Correlation and process inference — Moves 3 and 6, Claim 7.
- git diffcore-rename: exact content-hash pass first (free), bounded
similarity-matrix pass second, hard cap on the quadratic stage
(
diff.renameLimit). Validates binoc's exact-before-fuzzy ordering and the 400 cap as the standard structure, not an ad-hoc bound. - GumTree: greedy top-down matching of identical subtrees, then bottom-up container matching by descendant-overlap (dice ≥ 0.5), then derive the edit script. The framing worth stealing: the mapping between trees is the artifact; the edit script is derived from it — which maps cleanly onto facts-in-IR / judgments-in-renderer and may be the principled answer to Claim 1's nodes-vs-tags tension.
- The schema-diff family is the real "process inference" precedent: migra (deprecated; succeeded in spirit by Stripe's pg-schema-diff, which adds dependency-ordered, online-safe plans), Atlas (explicitly compiler-shaped: loaders → core schema model → per-dialect planners, plus lint/policy over the inferred plan — precedent for renderer-level judgments over inferred operations), skeema (deliberately refuses to guess renames — "don't infer processes you can't verify," worth making configurable per-judgment), and alembic autogenerate (docs say output "cannot be relied upon" without review — the honest framing: inferred process descriptions are drafts).
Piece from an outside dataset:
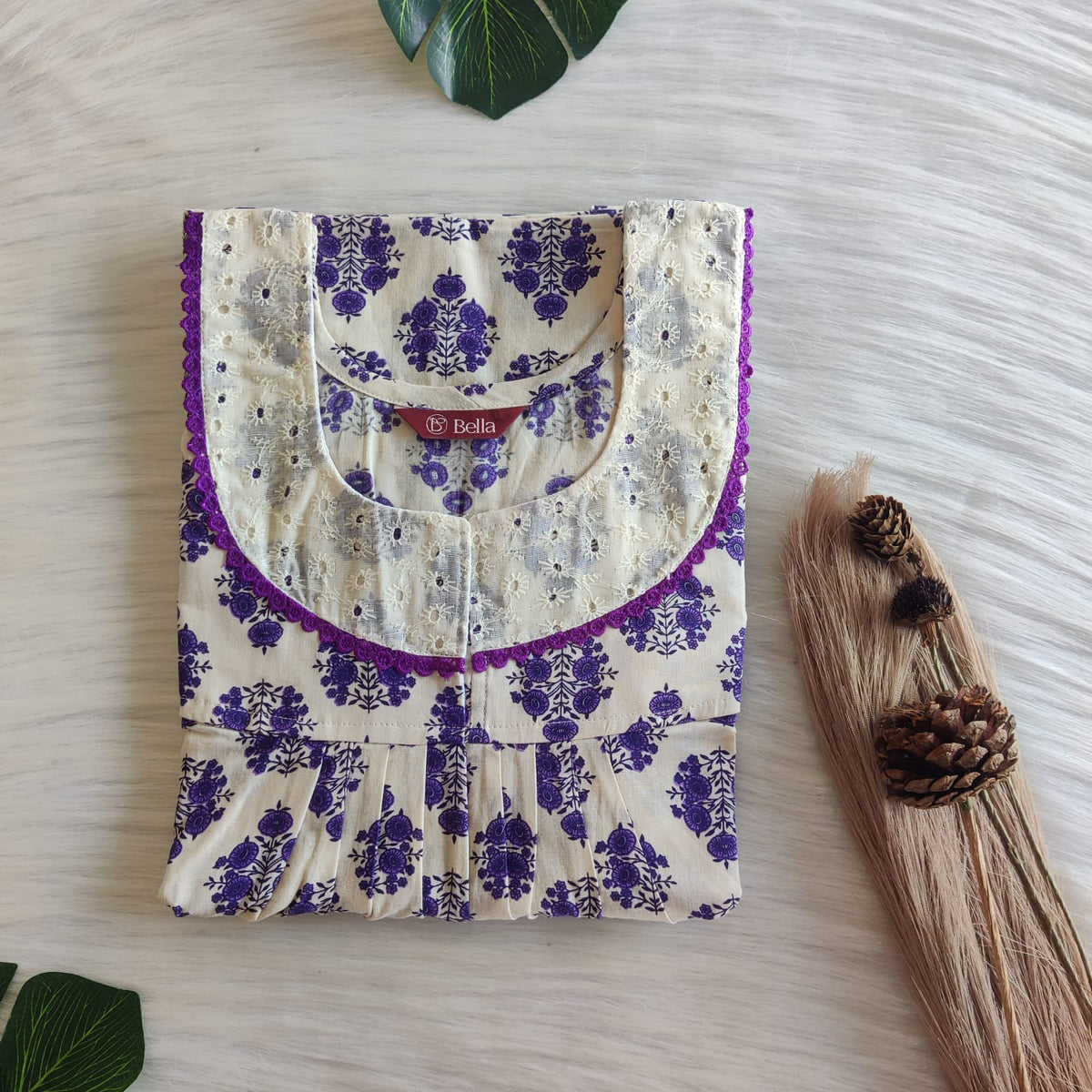 Purple Floral Printed Ivory Premium Cotton Hakoba Lace Nighty | Free Size | Chest Width 44″| Length 54″-56″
- Terraform plan: state diff classified into action sets via provider
schema metadata, and the
movedblock — when inference is impossible, the user declares the process and the engine consumes the declaration. Binoc's declared-correspondence config is the same move; the precedent says to extend it to every inference (column renames, key changes), not just file pairing. - Darcs/Pijul patch theory: the maximalist position — changes as first-class objects whose commutation determines reorderability. The transferable question: "do these two inferred operations commute?" as a test for when rule order can't matter.
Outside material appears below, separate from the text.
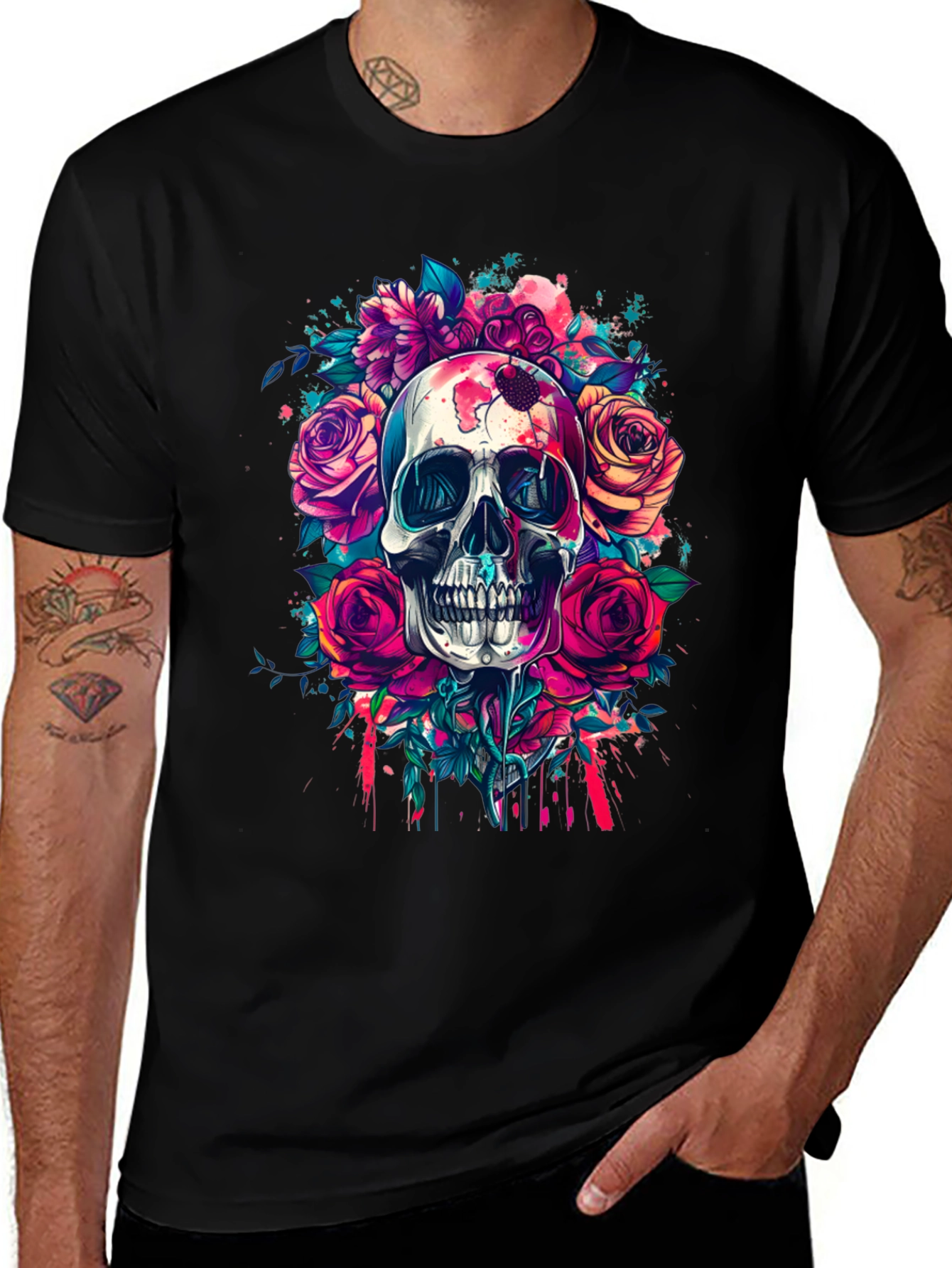 Variant 10 of Skull & Roses Graphic T-Shirt - Unique Artistic Design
- OpenRefine records operations as replayable JSON recipes — the inverse of inference, and the missing correctness test for Claim 7: if binoc's inferred processes ("find-replace sneakers→shoes") serialize to a replayable operation list, then apply to A, compare with B becomes mechanical verification that the inference is right.
Diagnostics — Move 9. SARIF 2.1.0 (OASIS standard; 2.2 still in
committee) is the established findings format: first-class plugin
attribution (tool.extensions), namespaced rules, fingerprint dedup,
argumented message strings, free GitHub code-scanning ingestion. Its
weakness for a diff tool: locations are single-artifact-version, while diff
findings are two-sided (workable via relatedLocations, but lossy). The
consonant shape: keep the native diagnostics channel as truth and ship a
SARIF exporter as one more renderer config — diagnostics become just
another o.
The cross-cutting pattern. Every mature hub examined — MLIR discardable attrs, pandoc Attr, Tika's metadata bag, GStreamer caps, LSP capabilities, GDAL capability flags — converges on the same triple: a small closed core + a namespaced open vocabulary + capability negotiation, so components declare what they understand rather than silently ignoring what they don't. Binoc has the first two. Negotiation — renderers and rule packs advertising which tag and artifact vocabularies they speak — is the recurring third leg it hasn't built, and the standard answer to the "unknown tag silently lands in Other Changes" class of failure.